Exercise goal:
Copy verbatim the span of lines beginning at the line that contains "求有含泪感觉的灰色美瞳及像王祖贤瞳孔那样琥珀色的在阳光下波光粼粼" and ending with the final line of the data. Exclude pictures from the copy.

Given data:
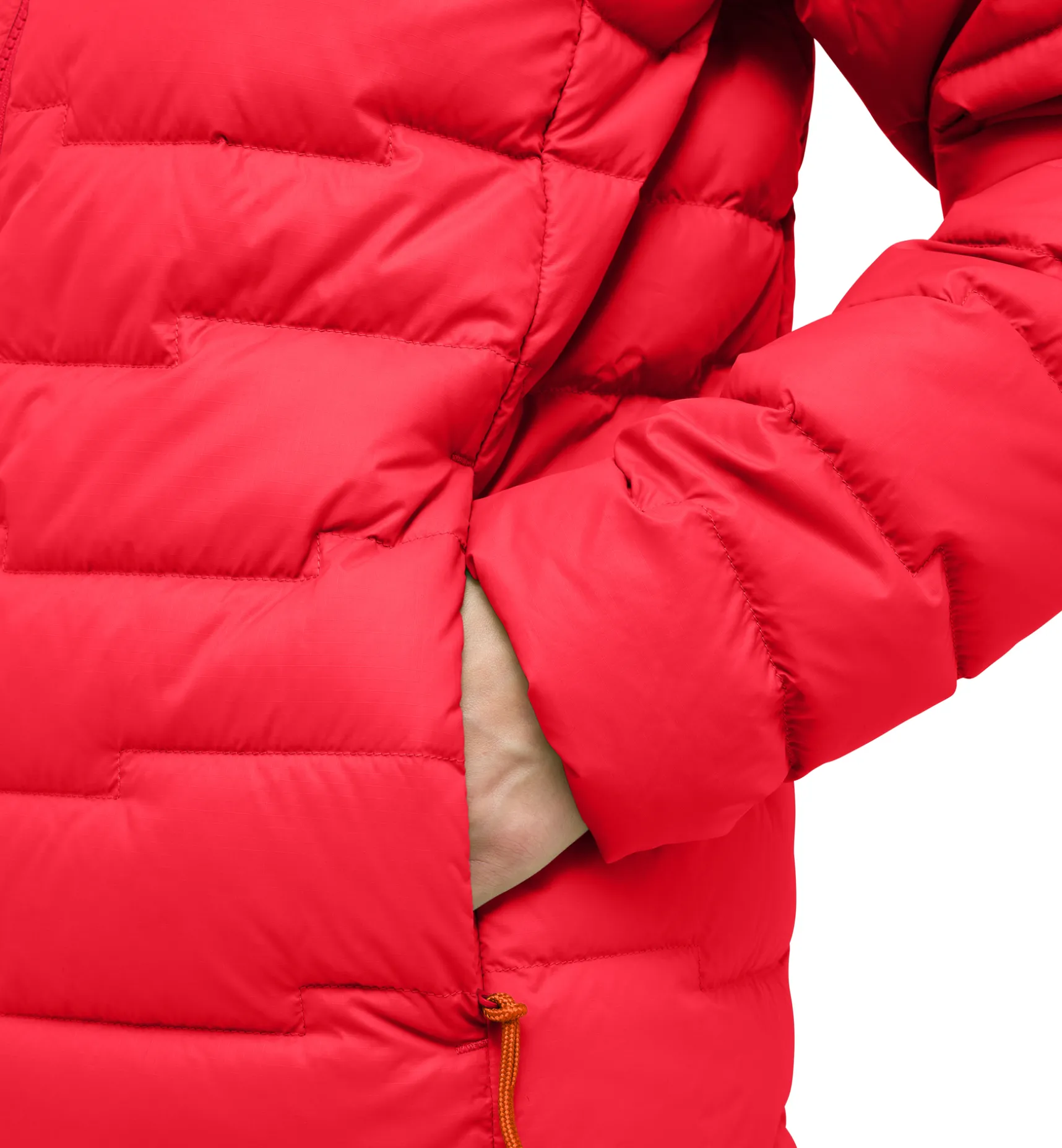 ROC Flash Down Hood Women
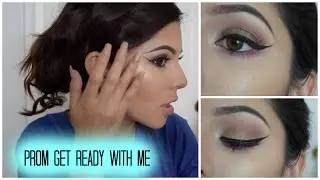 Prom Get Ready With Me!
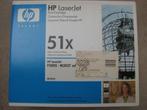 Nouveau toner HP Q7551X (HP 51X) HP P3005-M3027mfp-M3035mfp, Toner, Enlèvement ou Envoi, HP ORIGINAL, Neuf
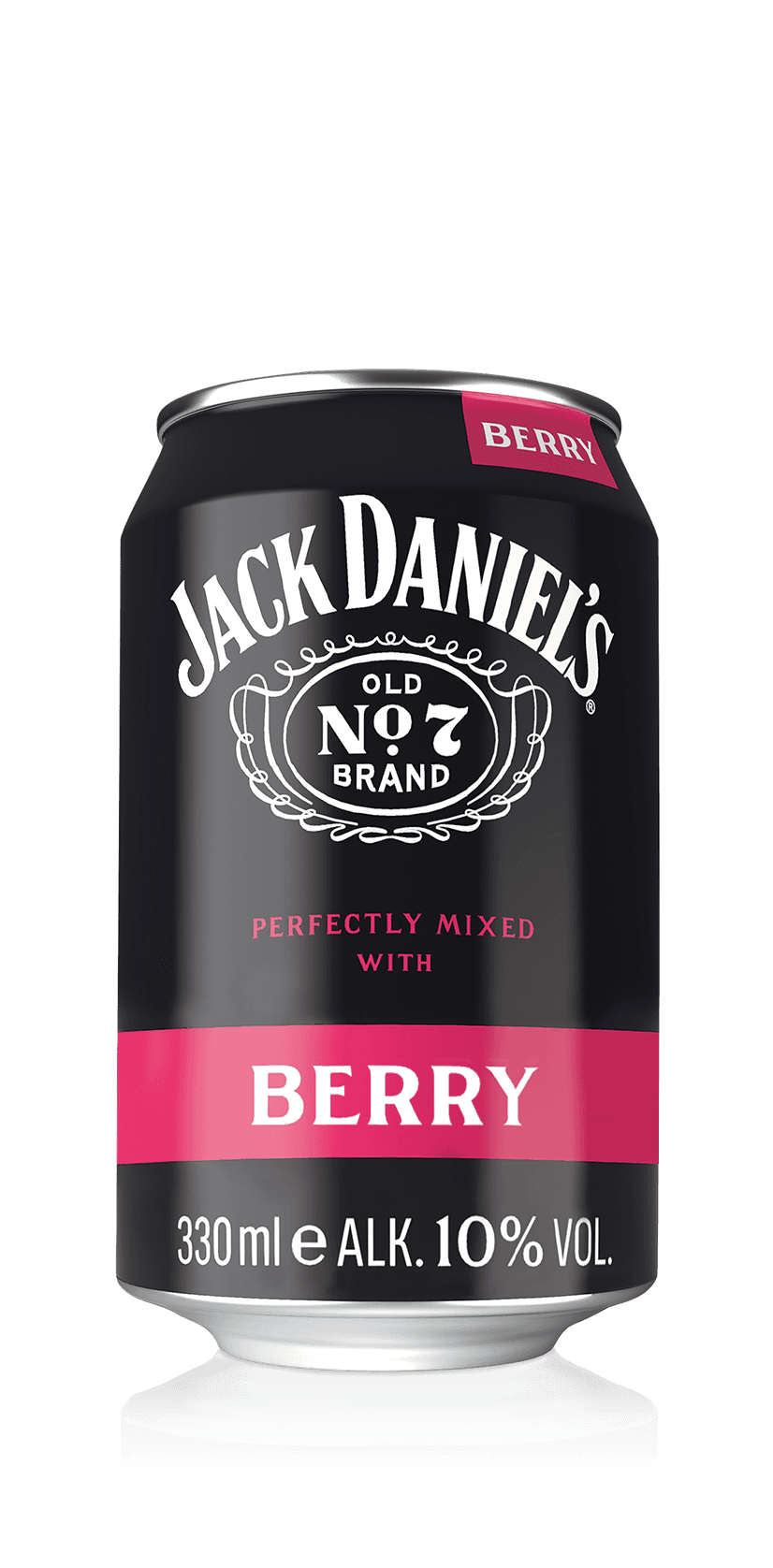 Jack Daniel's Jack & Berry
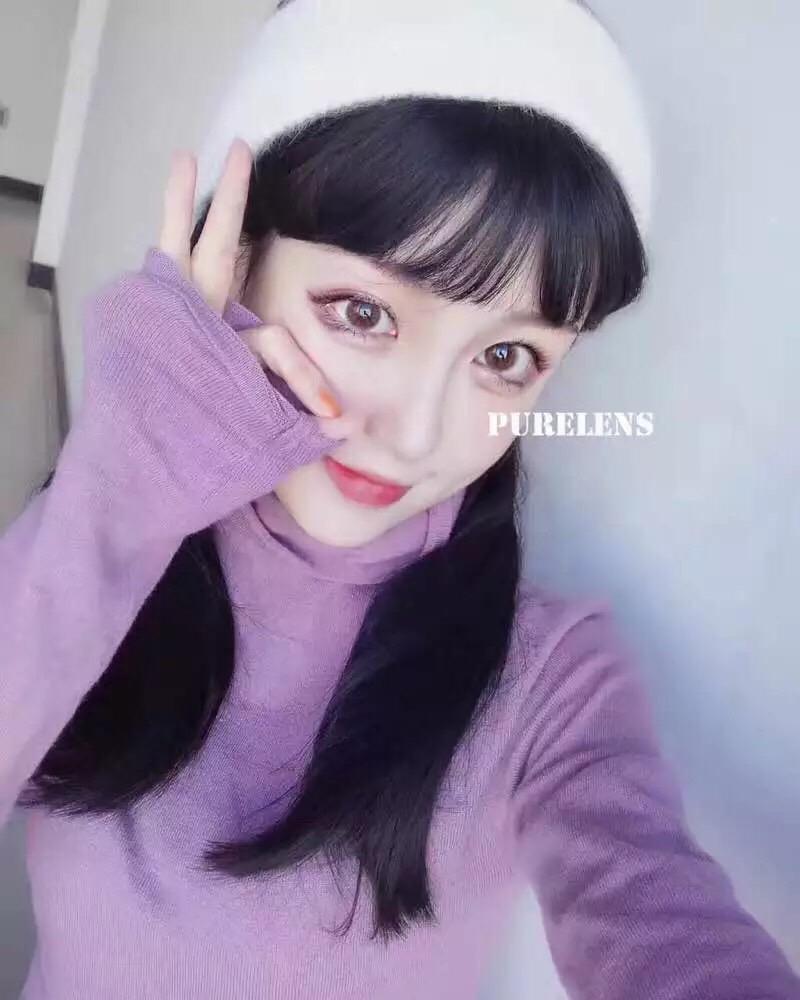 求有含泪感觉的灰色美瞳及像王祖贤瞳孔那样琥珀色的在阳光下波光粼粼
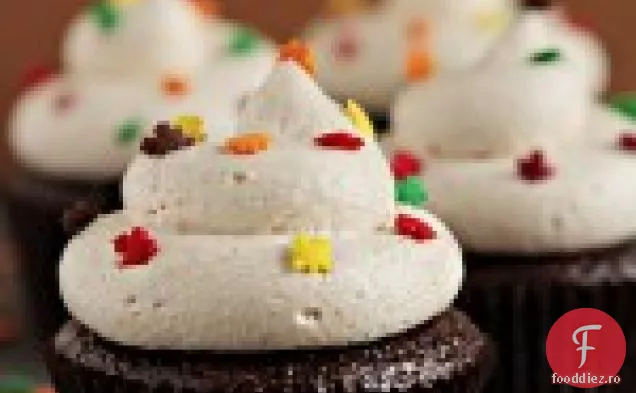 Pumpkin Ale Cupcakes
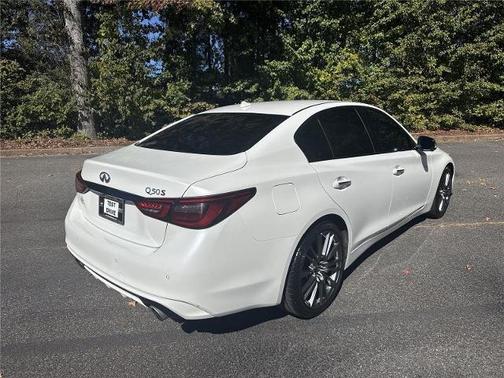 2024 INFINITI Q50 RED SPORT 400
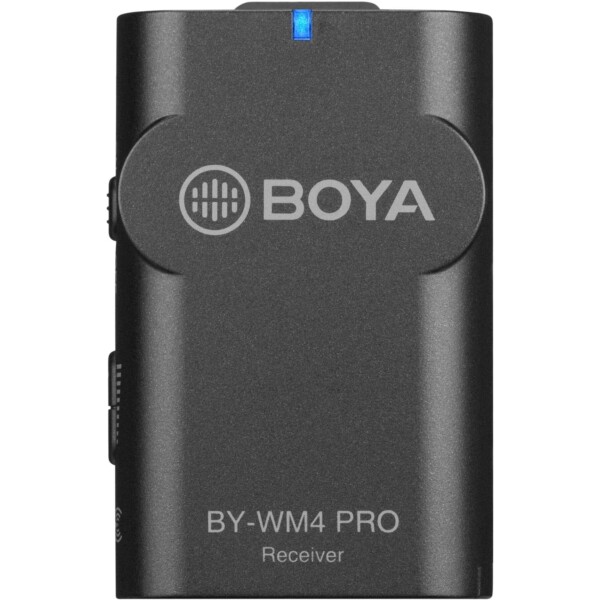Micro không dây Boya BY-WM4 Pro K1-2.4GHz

Output below:
 求有含泪感觉的灰色美瞳及像王祖贤瞳孔那样琥珀色的在阳光下波光粼粼
 Pumpkin Ale Cupcakes
 2024 INFINITI Q50 RED SPORT 400
Micro không dây Boya BY-WM4 Pro K1-2.4GHz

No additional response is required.